Required work :: Of the entries below, restate word for word only the section that runs from the line with "IS.U Printed Ruffled Strap Midi Dress" to the line with "Lighting Color Case", counting both ends.

Data for analysis ::
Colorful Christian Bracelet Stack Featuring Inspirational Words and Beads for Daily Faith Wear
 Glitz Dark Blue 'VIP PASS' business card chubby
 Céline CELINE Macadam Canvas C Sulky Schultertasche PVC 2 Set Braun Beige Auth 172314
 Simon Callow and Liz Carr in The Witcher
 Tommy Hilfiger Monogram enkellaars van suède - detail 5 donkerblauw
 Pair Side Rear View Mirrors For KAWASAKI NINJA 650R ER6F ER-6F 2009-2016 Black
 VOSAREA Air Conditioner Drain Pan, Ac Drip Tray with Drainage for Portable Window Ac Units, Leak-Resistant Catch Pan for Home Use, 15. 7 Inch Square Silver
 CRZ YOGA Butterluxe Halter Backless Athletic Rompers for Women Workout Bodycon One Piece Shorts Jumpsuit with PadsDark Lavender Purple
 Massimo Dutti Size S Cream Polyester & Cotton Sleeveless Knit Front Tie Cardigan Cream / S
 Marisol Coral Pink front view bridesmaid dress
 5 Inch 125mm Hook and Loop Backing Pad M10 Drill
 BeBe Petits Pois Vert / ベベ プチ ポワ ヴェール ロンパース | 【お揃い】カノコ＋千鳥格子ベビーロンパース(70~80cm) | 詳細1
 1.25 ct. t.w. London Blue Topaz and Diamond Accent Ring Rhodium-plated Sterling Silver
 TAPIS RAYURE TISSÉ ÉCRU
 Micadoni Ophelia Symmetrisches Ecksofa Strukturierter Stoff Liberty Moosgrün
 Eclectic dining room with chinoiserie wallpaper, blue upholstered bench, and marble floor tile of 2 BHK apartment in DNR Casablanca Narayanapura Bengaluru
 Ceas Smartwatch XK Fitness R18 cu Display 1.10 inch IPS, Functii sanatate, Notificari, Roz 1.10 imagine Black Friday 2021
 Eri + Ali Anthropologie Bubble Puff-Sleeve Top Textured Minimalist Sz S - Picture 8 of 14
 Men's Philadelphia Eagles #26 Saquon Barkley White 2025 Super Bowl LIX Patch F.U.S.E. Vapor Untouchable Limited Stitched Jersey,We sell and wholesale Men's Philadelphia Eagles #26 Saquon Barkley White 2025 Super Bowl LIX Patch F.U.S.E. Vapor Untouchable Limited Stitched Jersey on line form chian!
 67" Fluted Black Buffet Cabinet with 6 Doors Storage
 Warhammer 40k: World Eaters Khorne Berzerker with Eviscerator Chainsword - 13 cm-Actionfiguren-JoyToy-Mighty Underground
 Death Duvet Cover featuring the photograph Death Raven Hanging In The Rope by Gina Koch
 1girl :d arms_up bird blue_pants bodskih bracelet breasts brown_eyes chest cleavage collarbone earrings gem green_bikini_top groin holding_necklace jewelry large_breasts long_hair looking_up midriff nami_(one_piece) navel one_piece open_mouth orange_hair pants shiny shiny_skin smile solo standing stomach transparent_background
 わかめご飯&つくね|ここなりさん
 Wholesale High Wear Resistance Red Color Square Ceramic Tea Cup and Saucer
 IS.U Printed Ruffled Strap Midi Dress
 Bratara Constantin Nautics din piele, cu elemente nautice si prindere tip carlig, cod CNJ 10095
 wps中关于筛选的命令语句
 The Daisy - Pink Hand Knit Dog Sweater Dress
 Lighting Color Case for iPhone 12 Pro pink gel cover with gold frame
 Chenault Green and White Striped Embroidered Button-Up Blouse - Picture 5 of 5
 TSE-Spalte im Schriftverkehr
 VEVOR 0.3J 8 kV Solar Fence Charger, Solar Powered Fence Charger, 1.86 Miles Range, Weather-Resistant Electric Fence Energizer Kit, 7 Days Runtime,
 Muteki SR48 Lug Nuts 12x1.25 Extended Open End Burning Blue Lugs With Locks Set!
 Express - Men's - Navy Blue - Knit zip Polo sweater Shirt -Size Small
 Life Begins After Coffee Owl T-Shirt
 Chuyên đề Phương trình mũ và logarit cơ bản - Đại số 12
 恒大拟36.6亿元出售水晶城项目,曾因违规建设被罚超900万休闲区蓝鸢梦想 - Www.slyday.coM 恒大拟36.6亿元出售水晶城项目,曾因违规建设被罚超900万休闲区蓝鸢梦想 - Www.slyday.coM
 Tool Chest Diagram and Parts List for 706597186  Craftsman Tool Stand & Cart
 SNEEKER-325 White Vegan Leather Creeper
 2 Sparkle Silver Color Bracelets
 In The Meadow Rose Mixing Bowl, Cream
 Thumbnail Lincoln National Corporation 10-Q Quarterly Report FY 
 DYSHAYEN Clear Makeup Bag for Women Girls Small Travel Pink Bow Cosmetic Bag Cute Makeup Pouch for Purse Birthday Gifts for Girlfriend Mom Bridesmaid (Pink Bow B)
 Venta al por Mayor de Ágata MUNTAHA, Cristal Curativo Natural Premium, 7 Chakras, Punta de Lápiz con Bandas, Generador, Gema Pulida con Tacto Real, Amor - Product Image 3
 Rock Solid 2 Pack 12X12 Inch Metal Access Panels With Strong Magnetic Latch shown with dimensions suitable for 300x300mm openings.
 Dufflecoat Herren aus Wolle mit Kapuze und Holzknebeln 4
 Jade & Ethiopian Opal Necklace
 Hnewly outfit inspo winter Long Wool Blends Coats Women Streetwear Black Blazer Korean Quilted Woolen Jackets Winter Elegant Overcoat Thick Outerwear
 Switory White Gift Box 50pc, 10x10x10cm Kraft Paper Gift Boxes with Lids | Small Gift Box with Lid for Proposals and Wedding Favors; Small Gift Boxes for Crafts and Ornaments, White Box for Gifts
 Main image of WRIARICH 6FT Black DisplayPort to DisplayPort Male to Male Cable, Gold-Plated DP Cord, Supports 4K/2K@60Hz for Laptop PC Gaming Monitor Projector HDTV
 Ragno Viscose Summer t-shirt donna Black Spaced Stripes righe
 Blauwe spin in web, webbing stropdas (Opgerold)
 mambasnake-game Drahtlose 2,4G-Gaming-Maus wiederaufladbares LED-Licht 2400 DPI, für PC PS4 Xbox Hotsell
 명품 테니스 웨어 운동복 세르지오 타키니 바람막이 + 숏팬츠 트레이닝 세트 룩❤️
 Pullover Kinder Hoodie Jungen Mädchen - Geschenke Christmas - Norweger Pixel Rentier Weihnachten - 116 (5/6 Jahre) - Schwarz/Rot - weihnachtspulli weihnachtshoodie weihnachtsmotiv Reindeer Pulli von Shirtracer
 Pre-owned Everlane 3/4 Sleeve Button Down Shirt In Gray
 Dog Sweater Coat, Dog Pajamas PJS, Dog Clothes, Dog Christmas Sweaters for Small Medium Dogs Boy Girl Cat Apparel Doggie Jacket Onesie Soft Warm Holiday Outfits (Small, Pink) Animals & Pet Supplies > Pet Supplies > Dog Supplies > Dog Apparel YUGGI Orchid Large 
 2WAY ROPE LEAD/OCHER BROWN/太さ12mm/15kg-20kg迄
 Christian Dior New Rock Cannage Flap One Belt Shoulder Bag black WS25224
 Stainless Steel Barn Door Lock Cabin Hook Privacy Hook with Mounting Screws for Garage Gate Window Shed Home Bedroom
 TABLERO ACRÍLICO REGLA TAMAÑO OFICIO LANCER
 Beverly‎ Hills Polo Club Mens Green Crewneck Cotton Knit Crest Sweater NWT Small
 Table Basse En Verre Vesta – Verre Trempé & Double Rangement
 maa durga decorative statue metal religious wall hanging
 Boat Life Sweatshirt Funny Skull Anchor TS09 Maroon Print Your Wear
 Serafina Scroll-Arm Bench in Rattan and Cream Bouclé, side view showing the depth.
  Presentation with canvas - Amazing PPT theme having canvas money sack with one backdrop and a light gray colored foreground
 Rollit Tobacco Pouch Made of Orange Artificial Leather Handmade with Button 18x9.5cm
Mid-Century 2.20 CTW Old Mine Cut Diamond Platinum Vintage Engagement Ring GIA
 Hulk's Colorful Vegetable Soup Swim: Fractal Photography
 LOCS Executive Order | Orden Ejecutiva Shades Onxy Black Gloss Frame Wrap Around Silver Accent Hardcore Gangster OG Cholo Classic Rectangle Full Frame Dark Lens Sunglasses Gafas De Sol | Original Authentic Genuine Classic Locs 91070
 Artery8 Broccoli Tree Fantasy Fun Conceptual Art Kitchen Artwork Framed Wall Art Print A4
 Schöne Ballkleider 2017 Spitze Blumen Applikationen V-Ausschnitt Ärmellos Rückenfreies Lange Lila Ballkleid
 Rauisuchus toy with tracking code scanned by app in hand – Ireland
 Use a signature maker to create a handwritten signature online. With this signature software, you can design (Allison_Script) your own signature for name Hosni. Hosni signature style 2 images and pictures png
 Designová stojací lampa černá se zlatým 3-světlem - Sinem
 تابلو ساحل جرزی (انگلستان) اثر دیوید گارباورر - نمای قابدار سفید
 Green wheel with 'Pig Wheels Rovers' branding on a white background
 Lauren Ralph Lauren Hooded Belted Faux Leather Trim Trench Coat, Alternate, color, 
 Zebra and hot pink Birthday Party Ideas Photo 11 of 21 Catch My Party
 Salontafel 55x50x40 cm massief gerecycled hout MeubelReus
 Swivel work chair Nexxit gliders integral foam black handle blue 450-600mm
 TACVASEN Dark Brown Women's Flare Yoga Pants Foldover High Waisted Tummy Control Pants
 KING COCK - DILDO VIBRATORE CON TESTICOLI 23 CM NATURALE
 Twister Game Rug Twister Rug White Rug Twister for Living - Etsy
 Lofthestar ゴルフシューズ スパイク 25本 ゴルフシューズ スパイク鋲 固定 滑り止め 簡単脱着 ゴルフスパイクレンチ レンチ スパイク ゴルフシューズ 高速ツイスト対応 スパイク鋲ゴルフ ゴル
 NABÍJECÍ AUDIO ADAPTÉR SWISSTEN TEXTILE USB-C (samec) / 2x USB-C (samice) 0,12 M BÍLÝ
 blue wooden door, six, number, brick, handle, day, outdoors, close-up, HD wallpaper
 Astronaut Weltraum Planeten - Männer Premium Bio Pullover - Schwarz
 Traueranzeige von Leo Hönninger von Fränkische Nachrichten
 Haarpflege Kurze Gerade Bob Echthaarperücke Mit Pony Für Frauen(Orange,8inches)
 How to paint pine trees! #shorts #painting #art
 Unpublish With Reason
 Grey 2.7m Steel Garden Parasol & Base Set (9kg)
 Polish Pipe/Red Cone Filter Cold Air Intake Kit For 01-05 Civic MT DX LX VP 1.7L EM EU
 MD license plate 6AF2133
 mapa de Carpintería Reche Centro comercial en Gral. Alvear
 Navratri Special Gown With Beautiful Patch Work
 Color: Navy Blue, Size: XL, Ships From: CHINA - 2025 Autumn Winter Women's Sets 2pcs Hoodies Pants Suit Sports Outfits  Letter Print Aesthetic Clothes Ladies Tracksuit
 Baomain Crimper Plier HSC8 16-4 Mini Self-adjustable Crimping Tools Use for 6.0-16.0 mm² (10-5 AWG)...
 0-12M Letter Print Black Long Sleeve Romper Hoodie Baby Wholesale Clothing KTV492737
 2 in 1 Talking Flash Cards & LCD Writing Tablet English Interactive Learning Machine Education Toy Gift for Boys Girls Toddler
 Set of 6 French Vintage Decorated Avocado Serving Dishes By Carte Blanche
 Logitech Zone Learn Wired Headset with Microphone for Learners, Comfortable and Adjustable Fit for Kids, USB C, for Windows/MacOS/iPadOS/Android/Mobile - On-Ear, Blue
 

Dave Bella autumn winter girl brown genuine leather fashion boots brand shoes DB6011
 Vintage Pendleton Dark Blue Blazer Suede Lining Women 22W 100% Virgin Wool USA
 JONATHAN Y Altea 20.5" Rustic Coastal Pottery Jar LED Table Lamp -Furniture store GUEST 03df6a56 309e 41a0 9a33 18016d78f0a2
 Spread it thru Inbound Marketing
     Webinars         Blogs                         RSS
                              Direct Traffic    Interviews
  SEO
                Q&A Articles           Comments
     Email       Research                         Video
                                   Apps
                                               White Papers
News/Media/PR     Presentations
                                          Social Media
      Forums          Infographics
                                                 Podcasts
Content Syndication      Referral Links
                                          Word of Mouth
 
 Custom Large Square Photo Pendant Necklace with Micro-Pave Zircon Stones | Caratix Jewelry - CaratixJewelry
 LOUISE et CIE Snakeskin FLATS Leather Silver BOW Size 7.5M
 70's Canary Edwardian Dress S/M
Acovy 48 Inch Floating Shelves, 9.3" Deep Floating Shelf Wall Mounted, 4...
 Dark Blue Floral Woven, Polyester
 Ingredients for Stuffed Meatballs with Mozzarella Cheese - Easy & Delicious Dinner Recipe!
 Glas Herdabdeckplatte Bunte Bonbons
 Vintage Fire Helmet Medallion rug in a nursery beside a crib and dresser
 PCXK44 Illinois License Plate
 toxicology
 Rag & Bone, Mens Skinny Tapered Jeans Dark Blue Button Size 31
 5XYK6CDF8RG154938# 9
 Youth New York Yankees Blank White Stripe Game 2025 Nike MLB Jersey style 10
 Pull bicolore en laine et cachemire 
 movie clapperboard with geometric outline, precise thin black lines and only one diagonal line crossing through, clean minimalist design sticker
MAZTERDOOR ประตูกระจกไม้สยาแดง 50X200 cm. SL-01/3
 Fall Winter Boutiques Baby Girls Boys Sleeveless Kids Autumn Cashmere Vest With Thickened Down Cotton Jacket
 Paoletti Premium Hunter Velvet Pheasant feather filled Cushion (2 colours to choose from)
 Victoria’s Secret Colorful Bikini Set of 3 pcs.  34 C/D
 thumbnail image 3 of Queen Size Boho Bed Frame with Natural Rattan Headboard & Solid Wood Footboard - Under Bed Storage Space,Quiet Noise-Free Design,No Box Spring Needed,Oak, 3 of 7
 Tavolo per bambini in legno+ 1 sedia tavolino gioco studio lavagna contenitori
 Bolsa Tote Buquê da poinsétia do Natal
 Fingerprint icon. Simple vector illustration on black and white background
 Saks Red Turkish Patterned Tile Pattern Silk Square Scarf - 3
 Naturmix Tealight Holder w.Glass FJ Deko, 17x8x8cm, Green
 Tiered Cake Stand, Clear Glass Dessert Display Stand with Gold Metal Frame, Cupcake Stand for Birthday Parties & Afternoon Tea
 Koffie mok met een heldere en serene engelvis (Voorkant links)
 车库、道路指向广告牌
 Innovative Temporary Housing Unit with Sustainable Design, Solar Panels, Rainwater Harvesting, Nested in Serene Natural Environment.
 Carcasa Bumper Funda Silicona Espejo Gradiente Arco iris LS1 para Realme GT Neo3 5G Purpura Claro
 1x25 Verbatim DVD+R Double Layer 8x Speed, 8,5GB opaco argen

Written reply ::
 IS.U Printed Ruffled Strap Midi Dress
 Bratara Constantin Nautics din piele, cu elemente nautice si prindere tip carlig, cod CNJ 10095
 wps中关于筛选的命令语句
 The Daisy - Pink Hand Knit Dog Sweater Dress
 Lighting Color Case for iPhone 12 Pro pink gel cover with gold frame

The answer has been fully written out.